[Start of section]













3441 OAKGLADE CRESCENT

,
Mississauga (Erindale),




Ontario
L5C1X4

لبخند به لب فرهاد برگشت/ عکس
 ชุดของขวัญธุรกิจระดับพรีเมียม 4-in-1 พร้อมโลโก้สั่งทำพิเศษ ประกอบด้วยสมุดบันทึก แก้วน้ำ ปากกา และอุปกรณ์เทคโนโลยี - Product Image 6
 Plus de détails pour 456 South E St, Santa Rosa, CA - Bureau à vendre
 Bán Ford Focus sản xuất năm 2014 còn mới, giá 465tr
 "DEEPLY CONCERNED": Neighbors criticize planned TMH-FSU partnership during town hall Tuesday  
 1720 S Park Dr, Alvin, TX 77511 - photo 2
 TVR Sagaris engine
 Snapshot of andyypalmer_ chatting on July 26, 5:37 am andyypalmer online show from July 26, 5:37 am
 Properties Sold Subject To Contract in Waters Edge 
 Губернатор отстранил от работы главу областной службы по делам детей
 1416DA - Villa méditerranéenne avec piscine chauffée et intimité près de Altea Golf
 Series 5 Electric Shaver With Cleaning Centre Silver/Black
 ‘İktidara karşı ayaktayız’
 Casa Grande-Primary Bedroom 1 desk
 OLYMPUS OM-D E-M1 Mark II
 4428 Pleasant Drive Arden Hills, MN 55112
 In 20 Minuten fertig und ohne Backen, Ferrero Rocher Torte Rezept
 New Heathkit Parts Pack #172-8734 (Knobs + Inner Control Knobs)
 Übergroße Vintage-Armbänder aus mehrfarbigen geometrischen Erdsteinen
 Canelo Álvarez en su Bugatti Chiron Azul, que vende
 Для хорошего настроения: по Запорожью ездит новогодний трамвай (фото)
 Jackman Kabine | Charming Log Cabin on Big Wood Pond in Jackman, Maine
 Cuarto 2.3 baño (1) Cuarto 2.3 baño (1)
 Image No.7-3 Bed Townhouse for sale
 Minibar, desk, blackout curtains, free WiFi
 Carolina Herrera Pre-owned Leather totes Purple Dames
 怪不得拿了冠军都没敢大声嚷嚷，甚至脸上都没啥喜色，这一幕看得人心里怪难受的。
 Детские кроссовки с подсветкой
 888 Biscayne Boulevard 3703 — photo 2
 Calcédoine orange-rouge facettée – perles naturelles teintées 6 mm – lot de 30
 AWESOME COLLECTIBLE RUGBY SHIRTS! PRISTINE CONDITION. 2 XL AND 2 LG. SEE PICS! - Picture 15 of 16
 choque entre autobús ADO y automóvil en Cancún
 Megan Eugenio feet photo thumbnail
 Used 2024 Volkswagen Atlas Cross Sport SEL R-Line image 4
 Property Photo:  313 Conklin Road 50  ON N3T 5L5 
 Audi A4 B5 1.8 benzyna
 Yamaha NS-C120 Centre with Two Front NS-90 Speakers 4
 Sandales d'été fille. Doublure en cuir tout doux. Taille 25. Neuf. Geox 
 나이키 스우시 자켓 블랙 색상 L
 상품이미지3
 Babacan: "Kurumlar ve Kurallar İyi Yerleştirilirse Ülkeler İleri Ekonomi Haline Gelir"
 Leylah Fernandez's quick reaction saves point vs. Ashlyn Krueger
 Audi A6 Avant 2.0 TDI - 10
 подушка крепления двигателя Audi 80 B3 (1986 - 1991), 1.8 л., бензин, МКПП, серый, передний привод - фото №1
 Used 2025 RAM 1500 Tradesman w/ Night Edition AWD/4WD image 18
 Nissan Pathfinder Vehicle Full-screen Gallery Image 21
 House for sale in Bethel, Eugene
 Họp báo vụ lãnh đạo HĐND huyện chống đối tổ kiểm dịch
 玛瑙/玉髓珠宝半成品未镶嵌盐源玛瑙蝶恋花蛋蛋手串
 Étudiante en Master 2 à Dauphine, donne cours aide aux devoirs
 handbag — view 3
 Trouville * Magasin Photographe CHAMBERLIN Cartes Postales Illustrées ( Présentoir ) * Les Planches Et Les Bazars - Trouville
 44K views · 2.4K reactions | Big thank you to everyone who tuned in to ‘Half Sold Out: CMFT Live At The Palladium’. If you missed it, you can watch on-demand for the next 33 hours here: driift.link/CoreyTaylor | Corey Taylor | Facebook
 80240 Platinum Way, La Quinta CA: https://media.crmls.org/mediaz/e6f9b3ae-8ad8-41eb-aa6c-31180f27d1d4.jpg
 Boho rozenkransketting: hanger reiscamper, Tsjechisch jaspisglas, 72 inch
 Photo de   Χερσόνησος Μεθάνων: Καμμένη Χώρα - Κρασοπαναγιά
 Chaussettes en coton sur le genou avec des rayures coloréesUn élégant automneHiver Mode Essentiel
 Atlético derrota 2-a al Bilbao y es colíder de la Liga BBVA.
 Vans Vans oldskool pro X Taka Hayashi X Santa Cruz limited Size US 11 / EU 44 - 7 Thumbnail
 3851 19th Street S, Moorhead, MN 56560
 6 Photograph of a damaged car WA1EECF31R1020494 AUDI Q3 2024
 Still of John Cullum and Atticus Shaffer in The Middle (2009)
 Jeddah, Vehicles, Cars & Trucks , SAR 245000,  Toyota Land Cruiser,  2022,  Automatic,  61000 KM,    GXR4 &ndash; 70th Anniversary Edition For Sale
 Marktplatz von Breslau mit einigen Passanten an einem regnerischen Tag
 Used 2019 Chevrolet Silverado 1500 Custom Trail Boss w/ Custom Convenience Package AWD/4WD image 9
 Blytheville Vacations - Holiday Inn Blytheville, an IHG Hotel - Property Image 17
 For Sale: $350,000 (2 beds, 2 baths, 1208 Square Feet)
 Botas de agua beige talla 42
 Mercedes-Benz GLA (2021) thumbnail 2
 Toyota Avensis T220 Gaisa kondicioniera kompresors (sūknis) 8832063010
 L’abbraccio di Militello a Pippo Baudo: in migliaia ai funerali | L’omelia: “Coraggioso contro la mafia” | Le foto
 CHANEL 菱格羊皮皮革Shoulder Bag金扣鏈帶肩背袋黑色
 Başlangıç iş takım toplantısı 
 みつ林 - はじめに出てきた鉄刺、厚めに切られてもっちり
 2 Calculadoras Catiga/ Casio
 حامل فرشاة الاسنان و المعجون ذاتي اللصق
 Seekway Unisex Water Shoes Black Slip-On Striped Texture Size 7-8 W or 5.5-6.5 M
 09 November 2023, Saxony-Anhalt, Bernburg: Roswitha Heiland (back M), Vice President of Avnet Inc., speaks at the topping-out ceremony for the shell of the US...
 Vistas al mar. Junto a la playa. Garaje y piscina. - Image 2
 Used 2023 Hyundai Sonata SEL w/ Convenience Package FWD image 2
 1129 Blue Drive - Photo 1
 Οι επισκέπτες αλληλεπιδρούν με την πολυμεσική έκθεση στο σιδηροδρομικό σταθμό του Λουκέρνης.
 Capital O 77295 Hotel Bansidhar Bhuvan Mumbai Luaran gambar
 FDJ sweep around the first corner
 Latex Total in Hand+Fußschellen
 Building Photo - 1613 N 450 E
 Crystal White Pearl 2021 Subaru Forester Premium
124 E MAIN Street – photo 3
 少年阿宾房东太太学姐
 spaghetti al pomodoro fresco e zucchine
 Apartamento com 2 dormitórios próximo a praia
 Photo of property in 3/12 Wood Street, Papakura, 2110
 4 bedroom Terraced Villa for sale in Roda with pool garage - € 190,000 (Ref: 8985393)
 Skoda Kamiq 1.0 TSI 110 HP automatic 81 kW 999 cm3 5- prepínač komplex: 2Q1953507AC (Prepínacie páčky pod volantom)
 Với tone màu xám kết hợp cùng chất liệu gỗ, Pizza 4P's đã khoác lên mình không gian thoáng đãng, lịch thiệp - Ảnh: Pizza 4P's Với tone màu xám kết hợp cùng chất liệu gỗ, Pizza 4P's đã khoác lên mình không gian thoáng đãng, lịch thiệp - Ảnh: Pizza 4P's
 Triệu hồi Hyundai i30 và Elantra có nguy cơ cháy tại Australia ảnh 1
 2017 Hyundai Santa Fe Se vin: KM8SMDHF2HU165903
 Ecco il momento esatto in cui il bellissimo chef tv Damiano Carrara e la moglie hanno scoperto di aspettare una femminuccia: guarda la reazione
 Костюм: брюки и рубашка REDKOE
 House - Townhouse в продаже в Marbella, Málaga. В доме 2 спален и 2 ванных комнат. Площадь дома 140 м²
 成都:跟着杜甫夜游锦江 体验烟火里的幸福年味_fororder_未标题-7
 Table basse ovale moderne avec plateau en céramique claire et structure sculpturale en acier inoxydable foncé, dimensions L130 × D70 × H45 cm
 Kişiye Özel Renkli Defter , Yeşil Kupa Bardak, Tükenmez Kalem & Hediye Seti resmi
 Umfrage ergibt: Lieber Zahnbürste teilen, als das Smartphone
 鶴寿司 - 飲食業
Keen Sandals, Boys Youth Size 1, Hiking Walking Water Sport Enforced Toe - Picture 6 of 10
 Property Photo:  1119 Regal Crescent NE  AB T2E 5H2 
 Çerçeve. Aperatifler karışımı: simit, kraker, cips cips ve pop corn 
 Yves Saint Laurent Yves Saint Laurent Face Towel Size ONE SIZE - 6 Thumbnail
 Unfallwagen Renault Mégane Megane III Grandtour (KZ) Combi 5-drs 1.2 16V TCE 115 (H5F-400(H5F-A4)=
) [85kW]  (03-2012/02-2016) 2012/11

[End of section]

▶ _About this exercise_
Review the material and copy each line in which the word "Street" appears.

▶ _The answer_
 3851 19th Street S, Moorhead, MN 56560
124 E MAIN Street – photo 3
 Photo of property in 3/12 Wood Street, Papakura, 2110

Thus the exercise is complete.